> **Instructions for the task**:
Write exactly the lines running from the start of the material below to the line that includes "Renault Kangoo BLUE dCi 95 EDITION ONE - 23", and include no pictures.

> **Source information**:

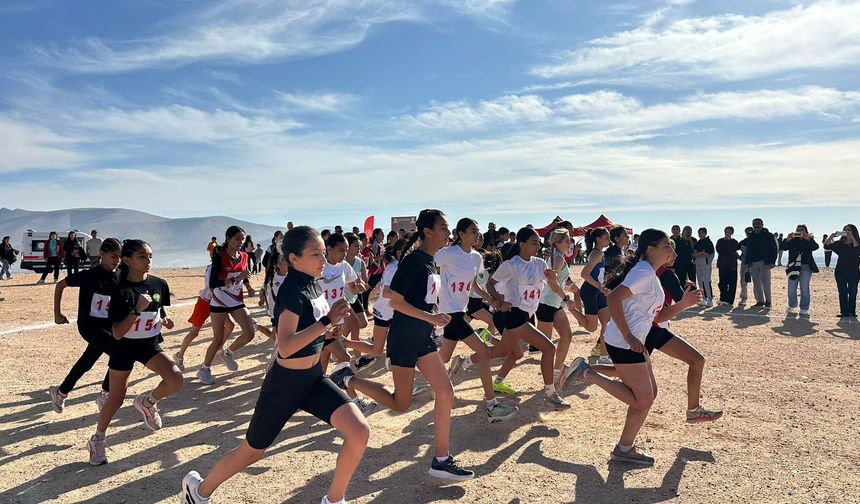 Bölgesel Kros Ligi yarışları Niğde’de yapıldı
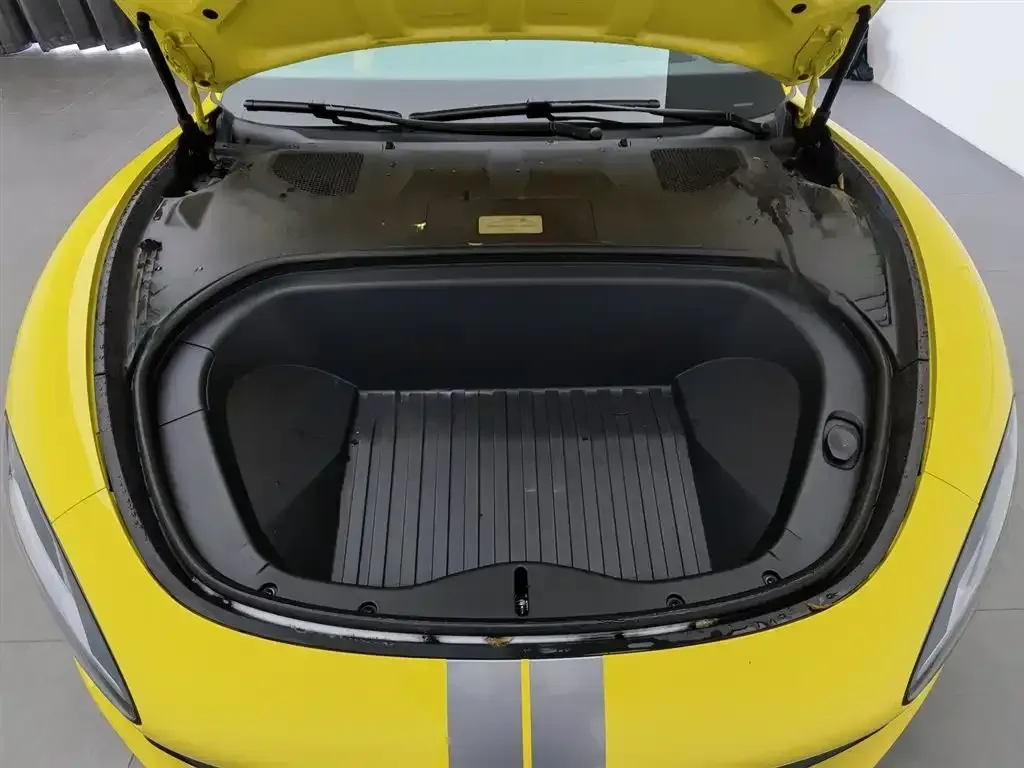 2025 MI SU7 Ultra BEV 93.7KWH,autocango,china used car exporter,china ev exporter,chinese used car exporter,chinese used ev exporter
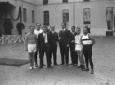 Foto di gruppo nel cortile del Centro Sportivo; al ...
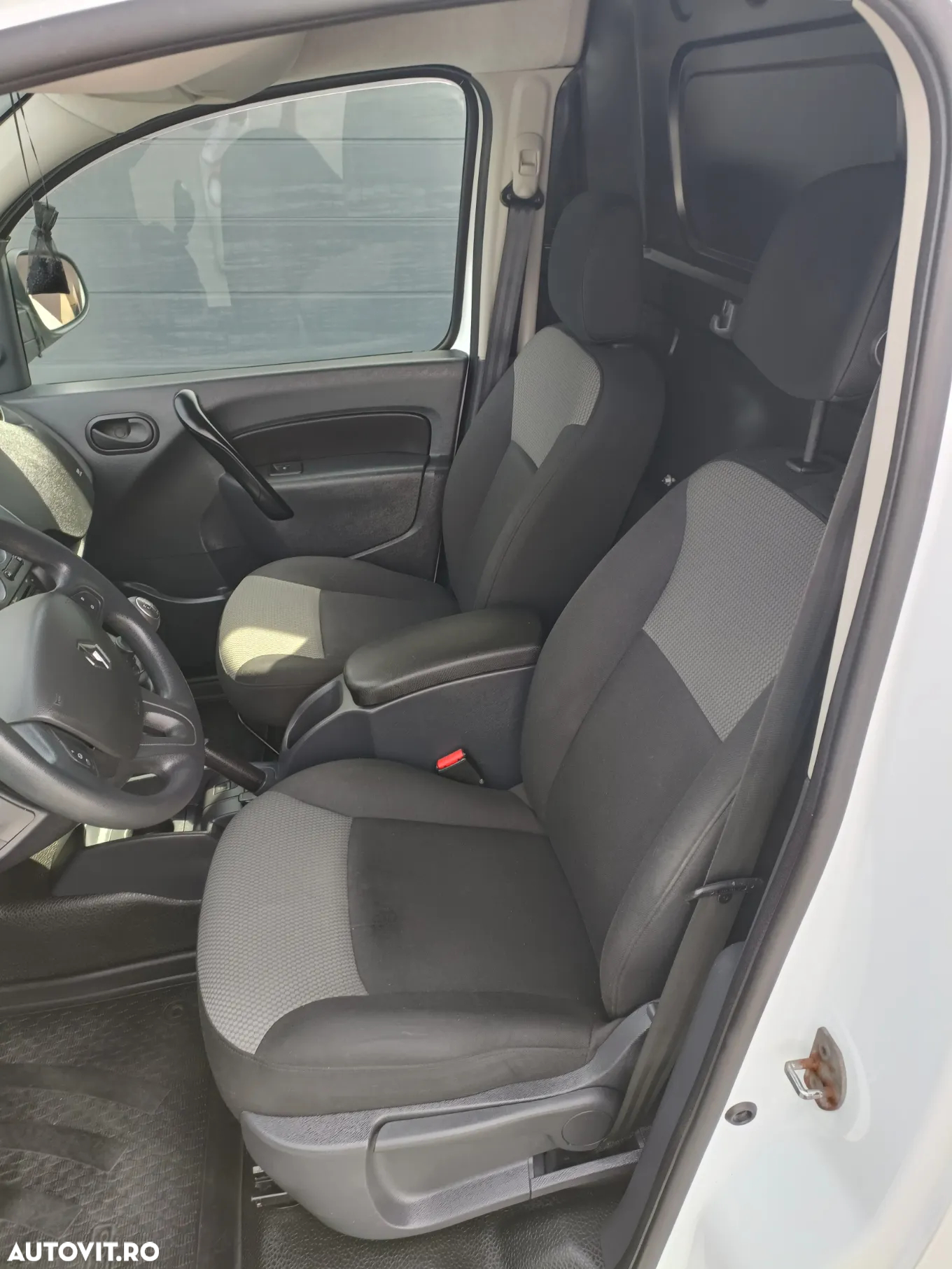 Renault Kangoo BLUE dCi 95 EDITION ONE - 23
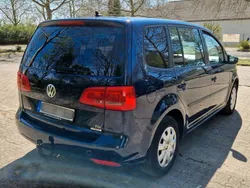 Blau Gebraucht 2014 VW Touran Van / Kleinbus | 7.400 € (Fairer Preis)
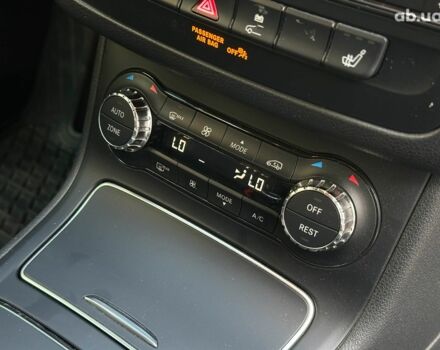 Красный Мерседес Б-класс, объемом двигателя 0 л и пробегом 137 тыс. км за 10790 $, фото 24 на Automoto.ua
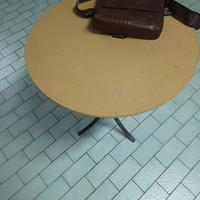 Tavolo con piedi in ferro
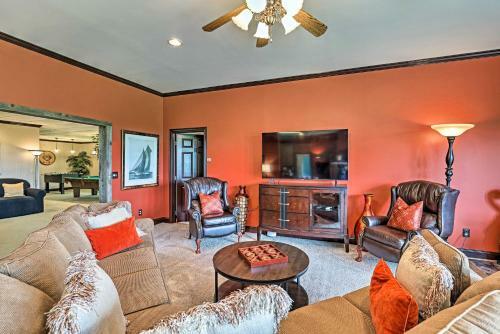 Luxurious Finger Lakes Home With Home Gym, Game Room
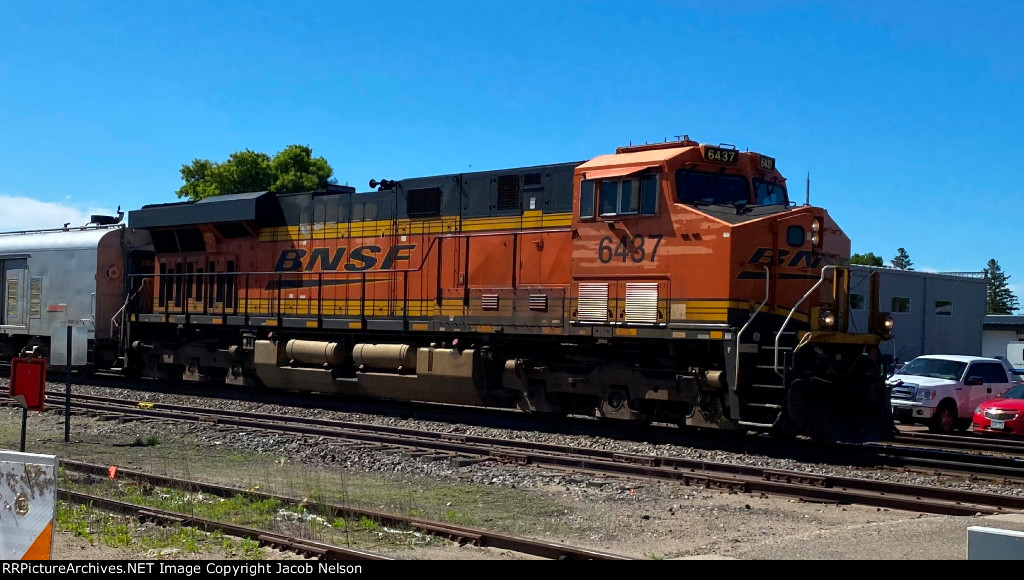 BNSF 6437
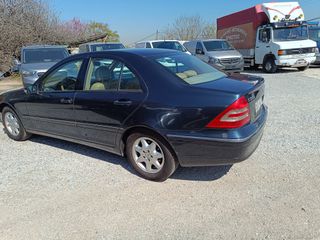 Mercedes-Benz C 200 2004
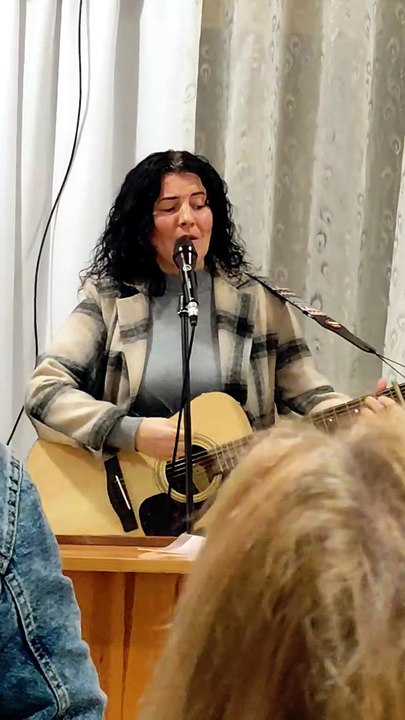 No hay lugar más alto que estar a tus pies. Alabanza Cristiana 🙏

> **Solution**:
 Bölgesel Kros Ligi yarışları Niğde’de yapıldı
 2025 MI SU7 Ultra BEV 93.7KWH,autocango,china used car exporter,china ev exporter,chinese used car exporter,chinese used ev exporter
 Foto di gruppo nel cortile del Centro Sportivo; al ...
 Renault Kangoo BLUE dCi 95 EDITION ONE - 23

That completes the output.